Le Gouvernement prend acte de la proposition qui est faite de mettre un terme à la pratique de la double date limite de consommation. Guillaume Garot s'exprimera sans doute sur ce point, qui constitue une discrimination difficilement acceptable. Cette pratique permet en effet à certains industriels de prolonger de vingt jours pour les outre-mer – et les outre-mer uniquement – la date limite de consommation des yaourts, qui est de trente jours dans l'hexagone : trente jours à Paris ou à Rodez, cinquante, parfois cinquante-cinq dans les outre-mer… Il est permis de s'interroger sur les raisons pour lesquelles certains consommateurs mériteraient d'être mieux protégés que d'autres !

Nous sommes ici très éloignés de l'idée que nous nous faisons des outre-mer dans la République.

Enfin, le texte sorti des travaux de la commission propose une autre disposition notable : l'obligation qui sera faite aux collectivités de tenir compte du critère de performance en matière de développement des approvisionnements directs en produits de l'agriculture et de l'agroalimentaire dans l'attribution des marchés.

Guillaume Garot reviendra également plus en détail sur cette disposition qui présente l'intérêt de participer à la structuration et au renforcement des filières de production locale. En effet, ce sont notamment des fruits et légumes produits localement, en circuits courts, qui verront ainsi leur accès aux cantines scolaires favorisé.

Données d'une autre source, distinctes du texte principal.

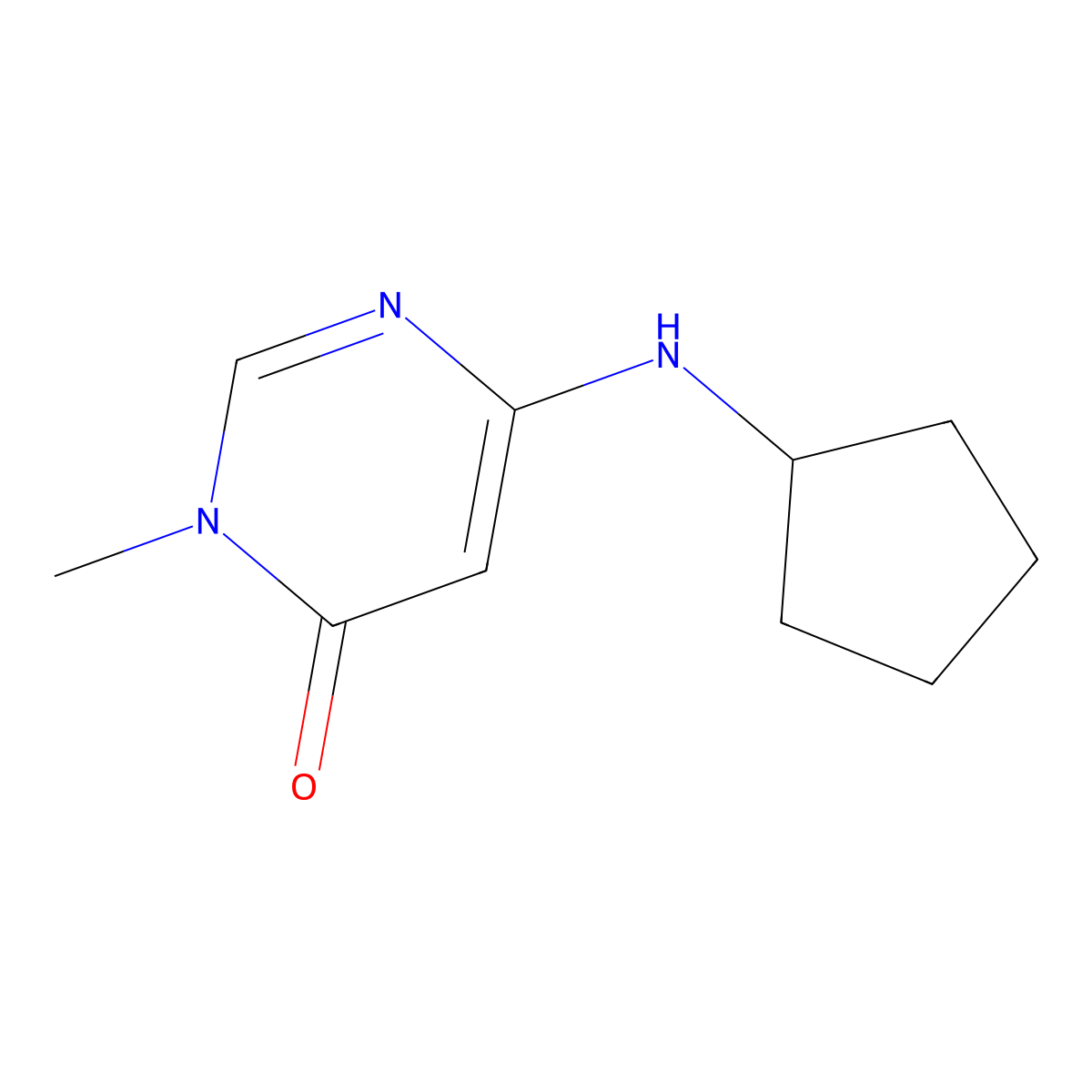 6-(Cyclopentylamino)-3-methyl-3,4-dihydropyrimidin-4-one molecular structure, CAS 2320195-74-0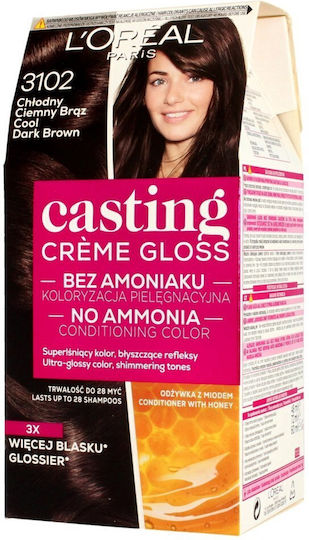 L'Oreal Paris Casting Creme Gloss Temporary Hair Dye no Ammonia 310 Dark Chestnut 48ml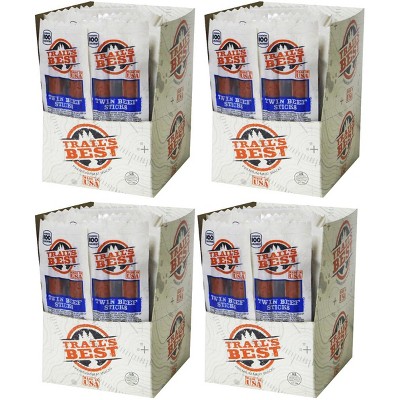 Trail's Best 1oz Twin Beef Sticks 20-ct Boxes - 4 Boxes
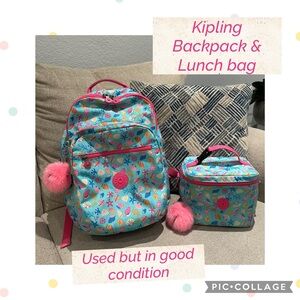 Used Kipling Seoul Large 15" Laptop Backpack & Lunch Bag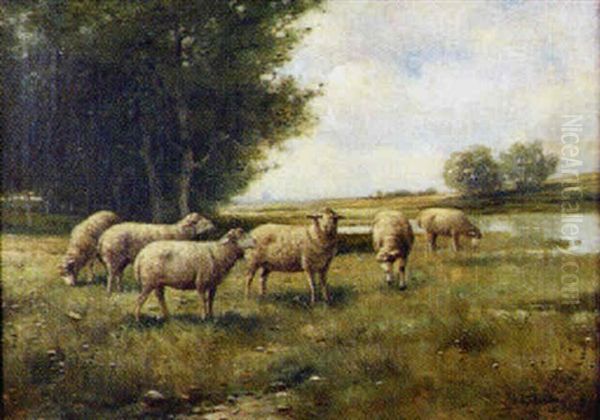 Landscape With Sheep Next To A River Oil Painting by Reuben Le Grande Johnston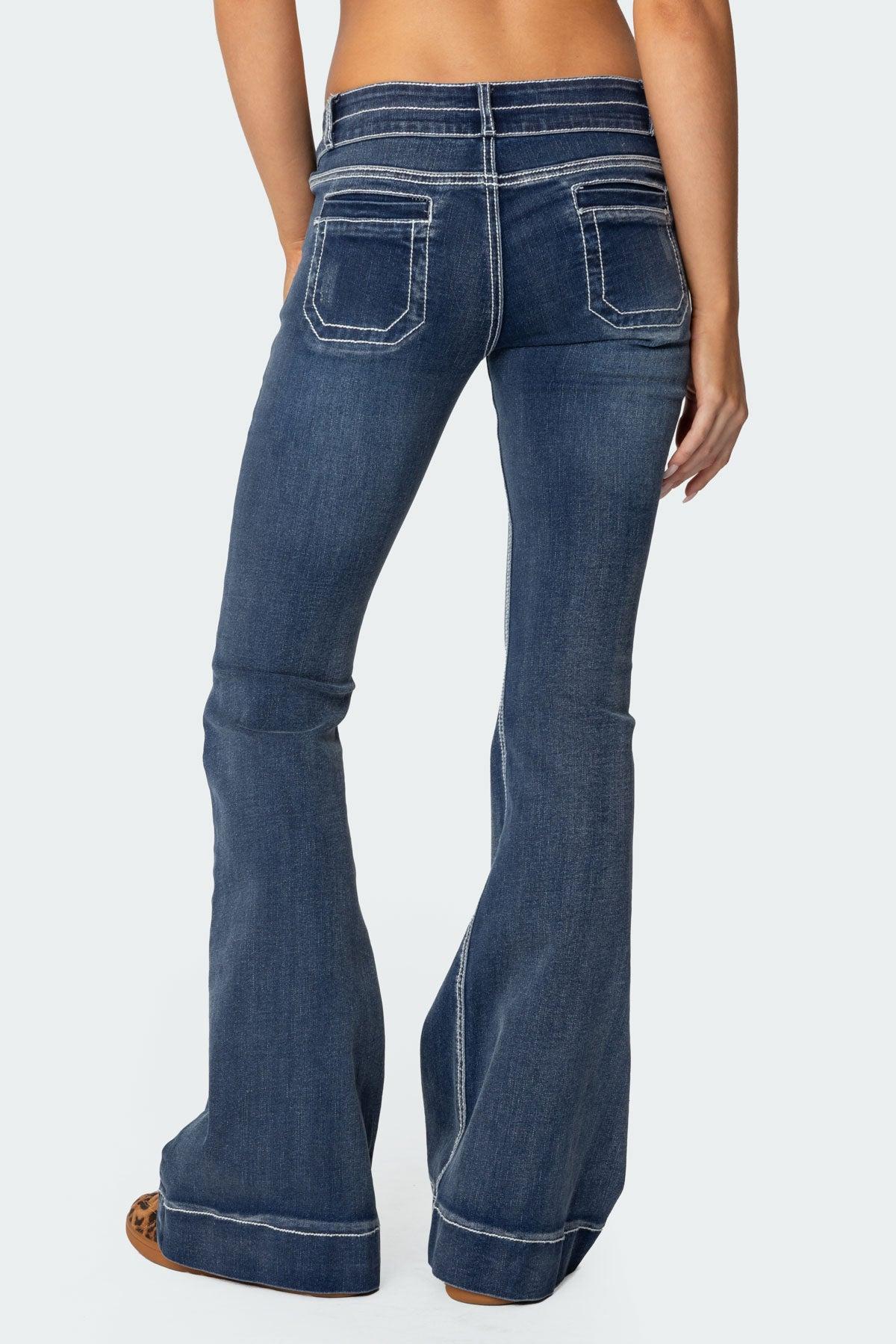 Contrast Stitch Low Rise Flared Jeans Product Image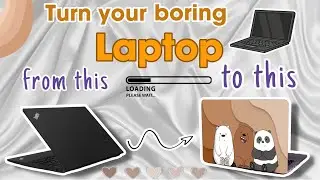 Laptop makeover 🐻&zwj;❄️🐻🐼||How to apply laptop skin/sticker💻🧐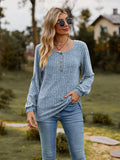 Round Neck Button-Down Long Sleeve Tee - Trendsi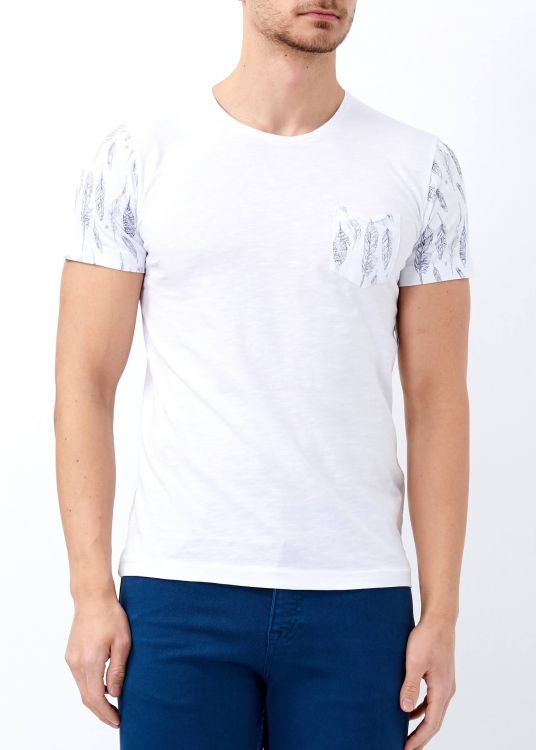 Men's White Pocket Scoop-Neck T-Shirt - 1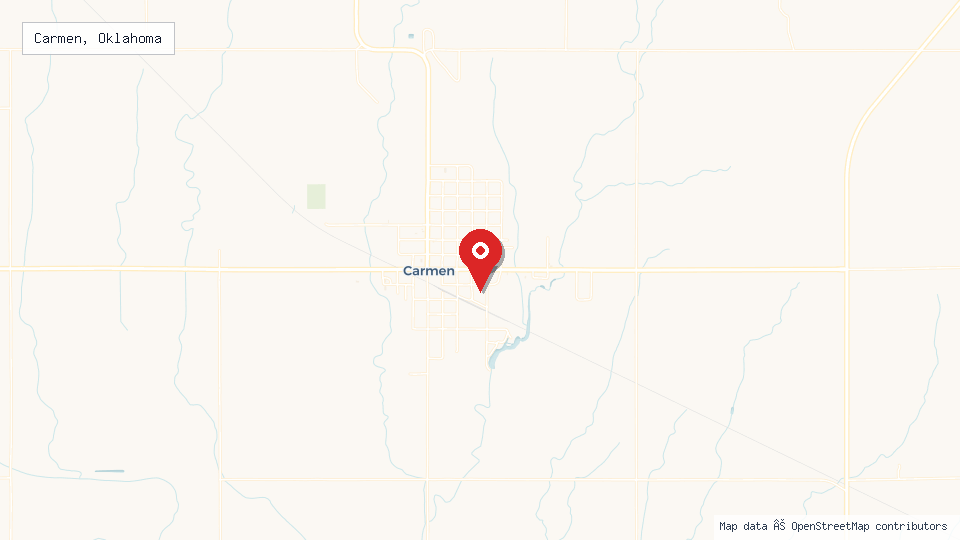 Street map of Carmen, Oklahoma with location pin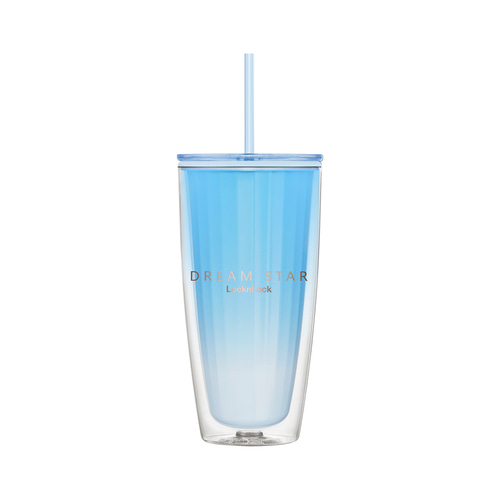 Ly Nhựa 2 Lớp Lock&Lock Kèm Ống Hút Dream Star Double Wall Cold Cup 750Ml - HAP522 (Màu xanh dương)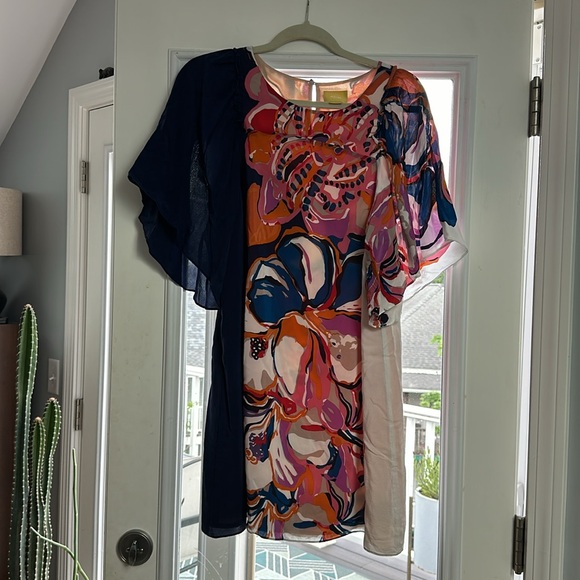 Colorful very cute shift dress, 100% silk - Picture 4 of 6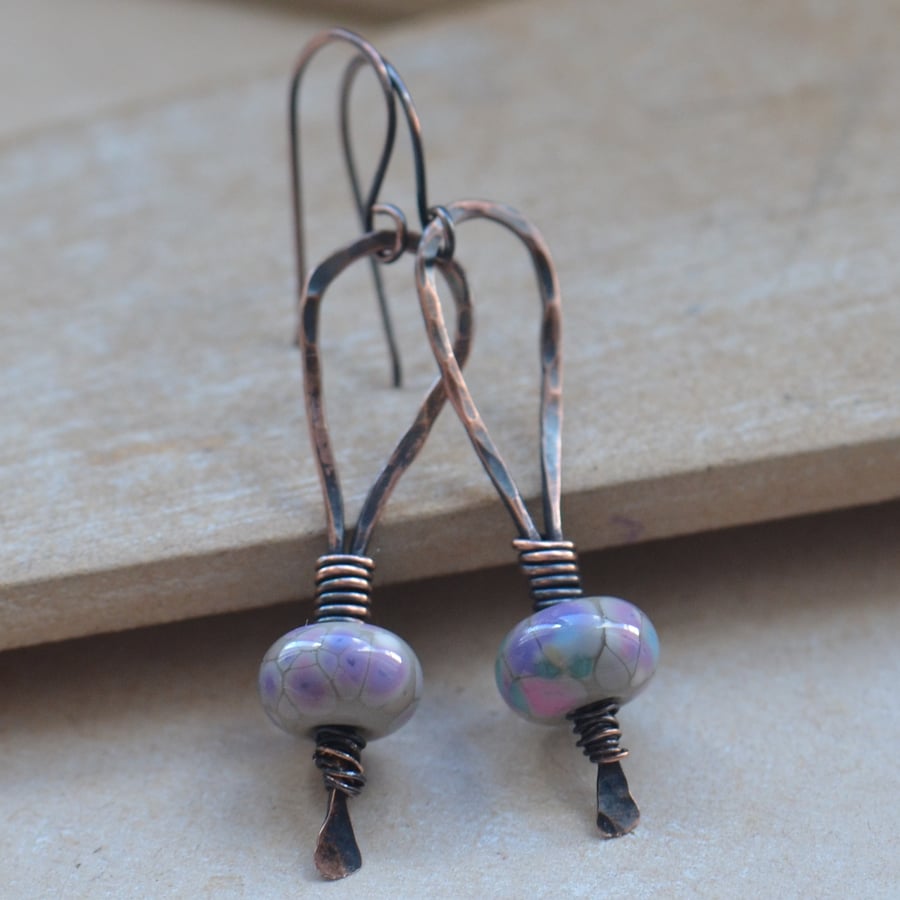 Copper and Grey Pastel Lampwork Glass Bead Earrings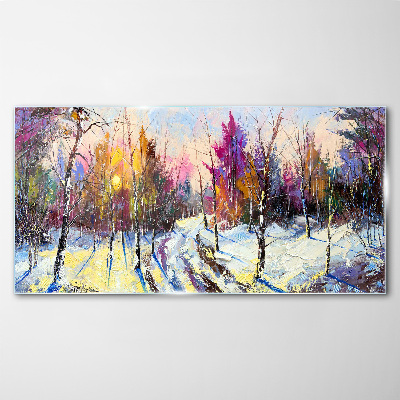 Tableau sur verre Paysage d'hiver aux couleurs du coucher de soleil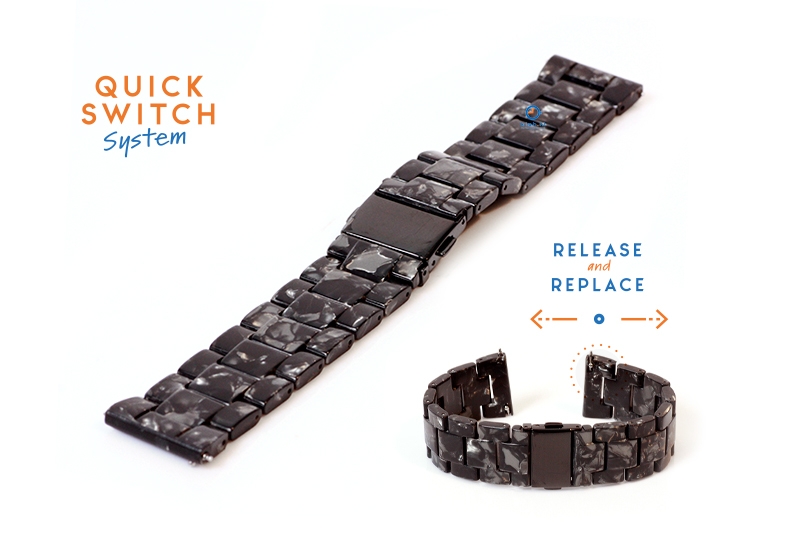 20mm resin Uhrenarmband - Granit schwarz/grau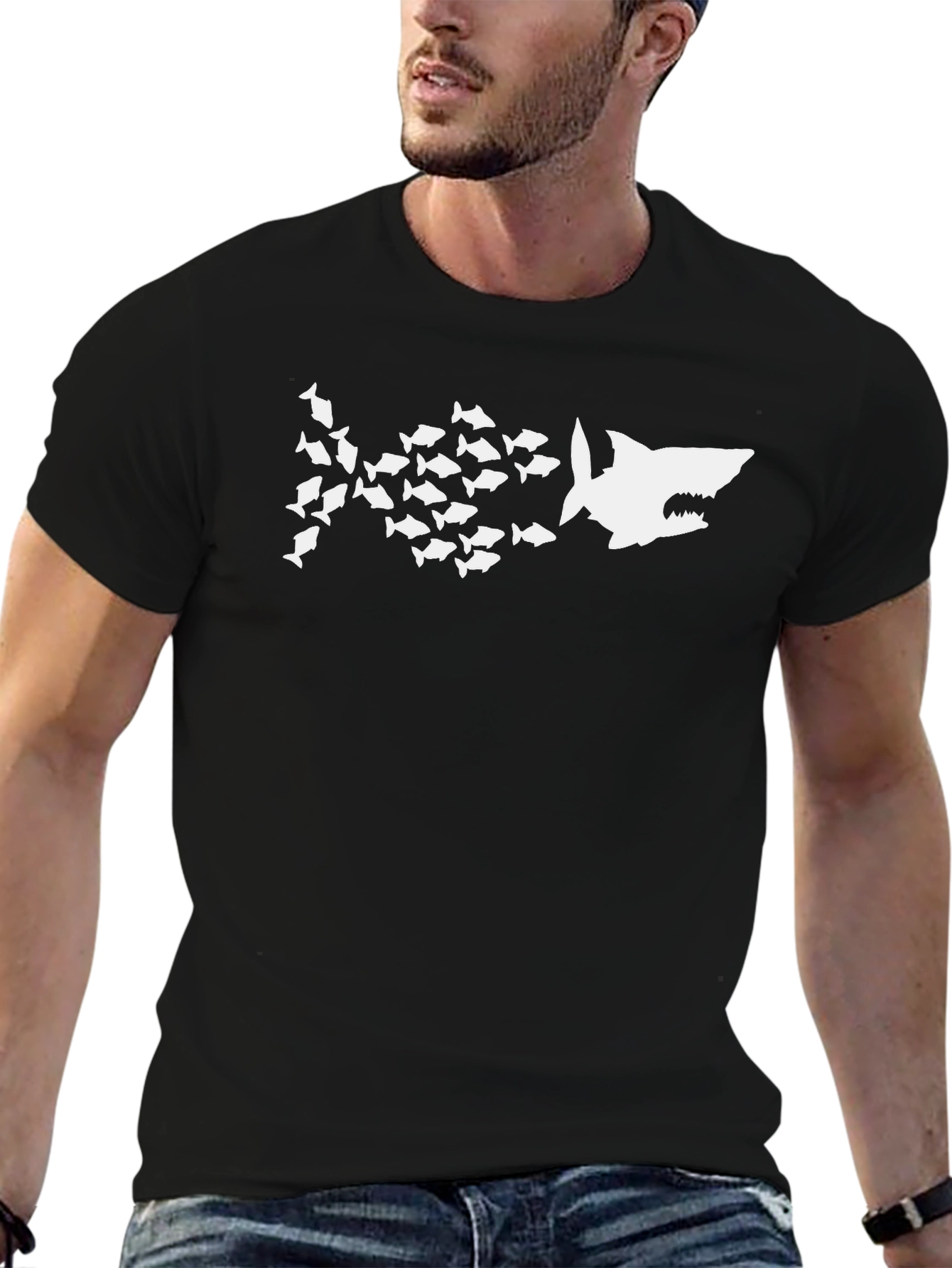 Black Shark Attack Tee: Fish School Graphic Black T-Shirt view 6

Le postulat est intéressant : une meilleure qualité nutritionnelle de l'offre alimentaire, dès le plus jeune âge, peut-elle aller dans le sens d'une stratégie offensive de développement des économies des outre-mer ? Le Gouvernement sera attentif à vos débats autour de ce texte et fait confiance à la sagesse du Parlement. Marisol Touraine, Guillaume Garot et moi-même, et au-delà tout le Gouvernement, partageons nombre des ambitions et des préoccupations qu'il exprime.

L'obésité, le diabète et toutes les pathologies liées aux excès de sucre doivent être combattus par tous les moyens. Ce texte est une brique essentielle du dispositif opérationnel que nous voulons mettre en place. Faisons donc ensemble oeuvre utile ! (Applaudissements sur les bancs des groupes SRC et GDR.)